I’ve found this happens more when I’m thinking about candid shots of ethnic groups, children and eldery. I actually wrote a similar post on my blog recently about working with ethnic minorities.

It’s about respect.  When you take the shot, everyone remembers you but no one really thinks about the person in the picture—whether they wanted their picture taken or not.. I consider this change in thought part of maturing not just as a photographer, but as a traveller. You actually painted the picture of the scene vividly with your chose in words.

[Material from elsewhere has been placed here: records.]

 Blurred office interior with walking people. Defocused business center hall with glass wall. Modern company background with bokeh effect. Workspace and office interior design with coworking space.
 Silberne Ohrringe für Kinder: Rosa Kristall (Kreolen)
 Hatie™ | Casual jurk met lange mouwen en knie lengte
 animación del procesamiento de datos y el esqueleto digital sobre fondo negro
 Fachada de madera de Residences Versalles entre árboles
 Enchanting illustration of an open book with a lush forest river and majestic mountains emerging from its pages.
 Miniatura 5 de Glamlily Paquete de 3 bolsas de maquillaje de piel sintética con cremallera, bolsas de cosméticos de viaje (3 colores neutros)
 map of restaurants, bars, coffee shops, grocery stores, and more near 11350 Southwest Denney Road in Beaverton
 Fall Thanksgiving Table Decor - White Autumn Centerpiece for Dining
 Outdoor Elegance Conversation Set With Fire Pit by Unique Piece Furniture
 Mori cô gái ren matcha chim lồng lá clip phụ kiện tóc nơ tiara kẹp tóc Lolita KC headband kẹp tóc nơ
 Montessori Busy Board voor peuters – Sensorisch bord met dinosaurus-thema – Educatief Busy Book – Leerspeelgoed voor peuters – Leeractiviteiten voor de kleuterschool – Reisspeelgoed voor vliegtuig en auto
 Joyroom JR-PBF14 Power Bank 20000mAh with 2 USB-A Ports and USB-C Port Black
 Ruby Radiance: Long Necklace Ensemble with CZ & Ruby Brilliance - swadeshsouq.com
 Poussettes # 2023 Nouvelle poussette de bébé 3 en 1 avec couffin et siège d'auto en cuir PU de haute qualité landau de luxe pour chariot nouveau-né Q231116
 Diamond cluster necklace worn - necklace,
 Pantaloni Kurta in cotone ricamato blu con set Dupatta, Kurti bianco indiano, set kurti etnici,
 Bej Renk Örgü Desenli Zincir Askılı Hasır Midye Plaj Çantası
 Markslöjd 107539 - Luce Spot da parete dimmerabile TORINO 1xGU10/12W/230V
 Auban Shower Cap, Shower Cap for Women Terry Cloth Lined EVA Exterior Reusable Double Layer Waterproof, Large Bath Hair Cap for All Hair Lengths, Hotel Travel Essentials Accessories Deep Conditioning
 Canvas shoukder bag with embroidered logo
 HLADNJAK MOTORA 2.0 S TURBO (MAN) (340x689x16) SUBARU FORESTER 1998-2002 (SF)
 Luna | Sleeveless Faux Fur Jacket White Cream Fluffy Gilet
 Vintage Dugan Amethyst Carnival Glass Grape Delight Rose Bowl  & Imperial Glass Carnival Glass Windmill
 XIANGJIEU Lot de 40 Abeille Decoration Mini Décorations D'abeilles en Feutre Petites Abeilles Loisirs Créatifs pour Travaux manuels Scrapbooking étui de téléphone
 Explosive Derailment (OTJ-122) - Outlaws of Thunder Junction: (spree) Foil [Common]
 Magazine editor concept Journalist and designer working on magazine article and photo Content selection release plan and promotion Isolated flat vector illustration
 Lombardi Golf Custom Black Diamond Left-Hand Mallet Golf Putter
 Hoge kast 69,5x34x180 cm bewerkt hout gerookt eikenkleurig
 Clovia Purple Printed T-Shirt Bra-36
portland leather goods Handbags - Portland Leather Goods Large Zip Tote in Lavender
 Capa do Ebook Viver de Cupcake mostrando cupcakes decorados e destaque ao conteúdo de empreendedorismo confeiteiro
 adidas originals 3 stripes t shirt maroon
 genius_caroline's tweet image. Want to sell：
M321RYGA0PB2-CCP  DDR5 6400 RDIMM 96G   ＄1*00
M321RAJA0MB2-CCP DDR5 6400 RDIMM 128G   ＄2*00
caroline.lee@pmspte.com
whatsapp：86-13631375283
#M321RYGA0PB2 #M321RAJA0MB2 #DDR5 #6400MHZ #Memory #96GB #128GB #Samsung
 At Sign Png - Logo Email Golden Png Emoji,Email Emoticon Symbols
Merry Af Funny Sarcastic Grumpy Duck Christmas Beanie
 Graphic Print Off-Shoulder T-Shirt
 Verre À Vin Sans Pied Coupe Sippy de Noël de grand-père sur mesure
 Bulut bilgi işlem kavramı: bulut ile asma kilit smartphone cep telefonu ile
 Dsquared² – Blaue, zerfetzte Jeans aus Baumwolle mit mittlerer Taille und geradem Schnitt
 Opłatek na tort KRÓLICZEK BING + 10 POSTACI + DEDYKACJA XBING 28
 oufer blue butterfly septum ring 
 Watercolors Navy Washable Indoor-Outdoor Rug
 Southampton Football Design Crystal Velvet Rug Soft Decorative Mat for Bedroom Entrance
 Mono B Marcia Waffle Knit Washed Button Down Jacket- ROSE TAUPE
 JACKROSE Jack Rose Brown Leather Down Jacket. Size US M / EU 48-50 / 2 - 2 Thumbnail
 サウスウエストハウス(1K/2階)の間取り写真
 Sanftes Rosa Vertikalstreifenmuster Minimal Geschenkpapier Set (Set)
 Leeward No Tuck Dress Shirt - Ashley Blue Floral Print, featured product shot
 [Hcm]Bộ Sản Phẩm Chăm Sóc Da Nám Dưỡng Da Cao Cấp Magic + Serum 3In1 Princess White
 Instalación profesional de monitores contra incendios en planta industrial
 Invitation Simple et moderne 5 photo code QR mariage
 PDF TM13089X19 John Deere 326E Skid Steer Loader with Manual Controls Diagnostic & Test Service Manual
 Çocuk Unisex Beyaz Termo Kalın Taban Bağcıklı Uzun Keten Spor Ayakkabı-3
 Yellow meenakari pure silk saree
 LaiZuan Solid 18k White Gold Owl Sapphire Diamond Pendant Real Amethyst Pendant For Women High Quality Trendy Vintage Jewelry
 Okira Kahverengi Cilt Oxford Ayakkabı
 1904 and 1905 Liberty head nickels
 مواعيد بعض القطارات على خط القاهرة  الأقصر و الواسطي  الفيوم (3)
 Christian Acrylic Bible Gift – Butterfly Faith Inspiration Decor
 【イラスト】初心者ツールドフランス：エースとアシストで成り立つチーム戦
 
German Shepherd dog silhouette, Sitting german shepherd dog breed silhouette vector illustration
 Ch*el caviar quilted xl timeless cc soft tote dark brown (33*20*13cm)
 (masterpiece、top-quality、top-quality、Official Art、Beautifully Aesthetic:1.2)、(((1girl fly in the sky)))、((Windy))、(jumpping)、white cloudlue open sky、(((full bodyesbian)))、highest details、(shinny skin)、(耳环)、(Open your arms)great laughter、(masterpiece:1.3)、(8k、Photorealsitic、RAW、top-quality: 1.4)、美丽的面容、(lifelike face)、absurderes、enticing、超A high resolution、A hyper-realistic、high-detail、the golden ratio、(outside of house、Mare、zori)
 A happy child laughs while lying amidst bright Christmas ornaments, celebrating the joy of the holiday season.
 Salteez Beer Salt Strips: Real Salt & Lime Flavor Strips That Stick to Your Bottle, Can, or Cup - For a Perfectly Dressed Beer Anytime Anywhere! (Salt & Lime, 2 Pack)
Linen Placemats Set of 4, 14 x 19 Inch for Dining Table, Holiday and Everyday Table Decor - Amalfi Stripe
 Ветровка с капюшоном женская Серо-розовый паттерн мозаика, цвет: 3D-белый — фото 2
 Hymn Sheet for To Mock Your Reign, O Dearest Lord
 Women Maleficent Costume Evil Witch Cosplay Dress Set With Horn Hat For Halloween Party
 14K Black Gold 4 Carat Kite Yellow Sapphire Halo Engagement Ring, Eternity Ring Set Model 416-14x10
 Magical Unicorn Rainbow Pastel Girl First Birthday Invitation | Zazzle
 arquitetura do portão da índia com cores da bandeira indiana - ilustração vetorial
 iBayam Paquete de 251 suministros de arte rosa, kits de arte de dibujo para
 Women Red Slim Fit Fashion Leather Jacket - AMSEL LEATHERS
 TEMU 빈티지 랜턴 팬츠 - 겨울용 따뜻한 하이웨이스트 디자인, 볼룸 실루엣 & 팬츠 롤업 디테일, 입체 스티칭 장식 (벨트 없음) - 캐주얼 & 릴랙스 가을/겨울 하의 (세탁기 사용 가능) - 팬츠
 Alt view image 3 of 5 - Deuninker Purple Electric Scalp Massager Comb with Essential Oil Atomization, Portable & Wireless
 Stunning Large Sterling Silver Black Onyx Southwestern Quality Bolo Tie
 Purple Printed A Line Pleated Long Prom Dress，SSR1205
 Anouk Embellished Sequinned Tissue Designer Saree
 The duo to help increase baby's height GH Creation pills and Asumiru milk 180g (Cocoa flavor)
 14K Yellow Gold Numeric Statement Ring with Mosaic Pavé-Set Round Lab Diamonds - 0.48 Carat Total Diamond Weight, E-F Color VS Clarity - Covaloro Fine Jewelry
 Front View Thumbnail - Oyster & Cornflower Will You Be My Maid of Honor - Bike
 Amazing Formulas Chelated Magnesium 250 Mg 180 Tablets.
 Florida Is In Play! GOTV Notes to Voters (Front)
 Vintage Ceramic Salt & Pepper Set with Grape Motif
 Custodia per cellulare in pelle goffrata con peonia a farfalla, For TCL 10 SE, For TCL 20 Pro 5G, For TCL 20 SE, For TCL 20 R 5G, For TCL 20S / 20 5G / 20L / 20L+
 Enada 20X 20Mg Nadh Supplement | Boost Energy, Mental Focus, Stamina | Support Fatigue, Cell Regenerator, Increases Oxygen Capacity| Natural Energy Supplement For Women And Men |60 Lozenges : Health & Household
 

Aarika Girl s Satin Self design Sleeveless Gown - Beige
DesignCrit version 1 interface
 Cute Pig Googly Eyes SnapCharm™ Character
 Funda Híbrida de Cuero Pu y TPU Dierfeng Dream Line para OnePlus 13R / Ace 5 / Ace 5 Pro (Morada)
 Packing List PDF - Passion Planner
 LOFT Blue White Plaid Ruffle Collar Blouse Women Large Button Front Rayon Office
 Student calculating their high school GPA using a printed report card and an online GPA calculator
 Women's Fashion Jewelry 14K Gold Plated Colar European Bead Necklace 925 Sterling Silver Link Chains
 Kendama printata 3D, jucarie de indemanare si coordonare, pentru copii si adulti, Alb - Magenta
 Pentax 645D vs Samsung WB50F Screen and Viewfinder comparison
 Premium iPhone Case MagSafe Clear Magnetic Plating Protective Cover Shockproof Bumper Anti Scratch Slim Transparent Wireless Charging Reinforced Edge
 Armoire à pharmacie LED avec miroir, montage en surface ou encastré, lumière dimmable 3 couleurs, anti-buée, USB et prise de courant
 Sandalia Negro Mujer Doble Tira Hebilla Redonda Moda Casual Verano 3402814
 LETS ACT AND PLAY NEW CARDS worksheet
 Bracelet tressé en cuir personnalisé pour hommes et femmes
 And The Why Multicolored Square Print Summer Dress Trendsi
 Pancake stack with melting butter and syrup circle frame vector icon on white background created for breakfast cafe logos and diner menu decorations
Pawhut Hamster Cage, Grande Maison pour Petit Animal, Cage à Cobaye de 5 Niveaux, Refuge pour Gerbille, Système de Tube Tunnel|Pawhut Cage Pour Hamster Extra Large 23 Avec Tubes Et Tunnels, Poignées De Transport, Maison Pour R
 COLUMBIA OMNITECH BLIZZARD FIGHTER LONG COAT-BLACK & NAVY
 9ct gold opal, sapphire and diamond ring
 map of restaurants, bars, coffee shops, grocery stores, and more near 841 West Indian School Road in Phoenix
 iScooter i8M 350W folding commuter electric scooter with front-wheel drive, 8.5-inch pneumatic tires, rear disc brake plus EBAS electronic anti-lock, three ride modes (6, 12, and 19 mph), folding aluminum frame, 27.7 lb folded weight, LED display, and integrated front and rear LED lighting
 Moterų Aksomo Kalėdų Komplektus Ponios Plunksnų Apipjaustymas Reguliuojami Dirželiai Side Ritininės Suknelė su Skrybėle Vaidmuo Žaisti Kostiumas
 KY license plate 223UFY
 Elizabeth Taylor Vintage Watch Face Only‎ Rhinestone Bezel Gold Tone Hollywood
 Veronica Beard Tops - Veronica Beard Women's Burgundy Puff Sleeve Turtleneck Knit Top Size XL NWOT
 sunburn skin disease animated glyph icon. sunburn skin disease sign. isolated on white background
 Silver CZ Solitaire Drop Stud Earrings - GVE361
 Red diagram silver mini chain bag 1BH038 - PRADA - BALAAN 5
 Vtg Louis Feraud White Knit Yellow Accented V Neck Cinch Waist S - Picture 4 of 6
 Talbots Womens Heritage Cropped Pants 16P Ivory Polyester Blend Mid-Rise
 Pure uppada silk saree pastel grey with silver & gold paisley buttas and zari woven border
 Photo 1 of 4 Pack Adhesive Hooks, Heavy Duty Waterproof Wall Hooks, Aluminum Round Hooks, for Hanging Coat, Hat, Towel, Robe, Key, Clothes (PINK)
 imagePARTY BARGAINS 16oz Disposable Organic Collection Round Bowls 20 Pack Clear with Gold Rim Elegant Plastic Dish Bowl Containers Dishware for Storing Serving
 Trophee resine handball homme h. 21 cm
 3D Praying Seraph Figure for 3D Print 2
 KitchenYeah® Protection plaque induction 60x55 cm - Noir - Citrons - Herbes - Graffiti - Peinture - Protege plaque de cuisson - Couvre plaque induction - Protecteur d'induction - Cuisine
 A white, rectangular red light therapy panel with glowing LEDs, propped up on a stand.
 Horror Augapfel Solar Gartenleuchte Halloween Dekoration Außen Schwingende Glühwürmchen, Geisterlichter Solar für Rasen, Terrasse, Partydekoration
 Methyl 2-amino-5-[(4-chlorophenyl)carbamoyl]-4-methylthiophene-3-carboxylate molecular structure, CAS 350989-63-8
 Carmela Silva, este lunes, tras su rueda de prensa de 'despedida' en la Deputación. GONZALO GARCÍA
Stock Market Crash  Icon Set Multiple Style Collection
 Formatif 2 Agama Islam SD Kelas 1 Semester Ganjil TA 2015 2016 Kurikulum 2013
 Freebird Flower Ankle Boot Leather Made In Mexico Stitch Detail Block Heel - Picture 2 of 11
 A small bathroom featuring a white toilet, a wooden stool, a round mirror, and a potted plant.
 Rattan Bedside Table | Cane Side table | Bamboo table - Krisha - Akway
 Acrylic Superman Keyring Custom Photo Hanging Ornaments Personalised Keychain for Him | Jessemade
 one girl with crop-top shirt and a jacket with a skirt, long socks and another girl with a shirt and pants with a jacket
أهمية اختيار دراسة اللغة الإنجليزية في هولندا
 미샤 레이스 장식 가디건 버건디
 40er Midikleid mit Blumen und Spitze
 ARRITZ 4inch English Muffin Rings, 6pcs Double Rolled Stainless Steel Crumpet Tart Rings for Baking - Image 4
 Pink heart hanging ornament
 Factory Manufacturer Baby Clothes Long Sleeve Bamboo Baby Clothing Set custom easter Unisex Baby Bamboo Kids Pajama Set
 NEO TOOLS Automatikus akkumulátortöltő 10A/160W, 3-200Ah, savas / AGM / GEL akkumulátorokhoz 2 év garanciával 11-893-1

The Africa Travel Blog 09.10.09 | 2:03 PM ET

You described the exact feeling I have had several times while traveling. Sometimes I catch myself being more concerned about taking the perfect picture rather than just taking in the moment. And Im not even into photography at all!

Sabina 09.10.09 | 10:28 PM ET

Yes, sometimes the camera gets in the way of fully experiencing.  It can become too much about clicking at just the right time and angle and too little about allowing yourself to feel the moment.

probate advice 09.11.09 | 5:17 AM ET

I agree it is a shame when you have to look through a viewfinder to take a shot. Sometimes you actually miss what is going on. Photography is wonderful though.

Mary Arulanantham 09.12.09 | 4:27 PM ET

My friends often chide me because I tend not to take photos at important events or while on vacation. I just don’t think of it. “But you’ll want to see the pictures and remember later,” they say. My feeling is that my memory is in my mind; if I lose my mind someday, then the photos won’t mean much. I am, however, very verbose; I love to tell travel stories. Sometimes my storytelling gets the better of me, and those (usually my children) who were there to share the experience want to contradict. A picture captures a moment in time, but memory is fluid. Unless the photographer is truly gifted at capturing the perfect moment, most pictures are simply flipped through politely by those back home. If you do have the gift (which I don’t), a good picture can be exquisite, but in the meantime, the photographer has sacrificed a dozen other moments of being instead of watching and waiting. Not everyone is willing to make that sacrifice.

Best Family Vacation 09.13.09 | 5:31 AM ET

The best travel moments are those that are etched forever in a traveler’s heart. The best photos are those captured by the heart, not a lens.

World nomad 09.15.09 | 9:48 PM ET

I have so many pictures I never took, all of them because of different reasons. Can totally relate to this post! =)

Your Holiday Matters 09.16.09 | 9:57 AM ET

I loved this article; much as I also love photography, what you say is so true Doug; one can miss so much by being glued to a viewfinder. Was on holiday recently and found I had left my camera’s charger at home. The disappointment was soon replaced by a sense of liberation!

Chuck K 09.21.09 | 10:51 PM ET

“The best travel moments, it turns out, are not the Kodak ones.” 

I guess its all a matter of perspective, interest and the circumstances at hand.  As both a writer and photographer (probably more that latter than the former), there are times that I want to partake of an experience sans camera.  But there are other times when the camera is part of the connection with the scene or the experience.  And there are times when my skill as a photograpger allows me to create a visual memory far more powerful than the experience would have been without the camera.  For me, the best travel moments MAY be a Kodak (or Nikon) one; or may not.  It all depends on the moment.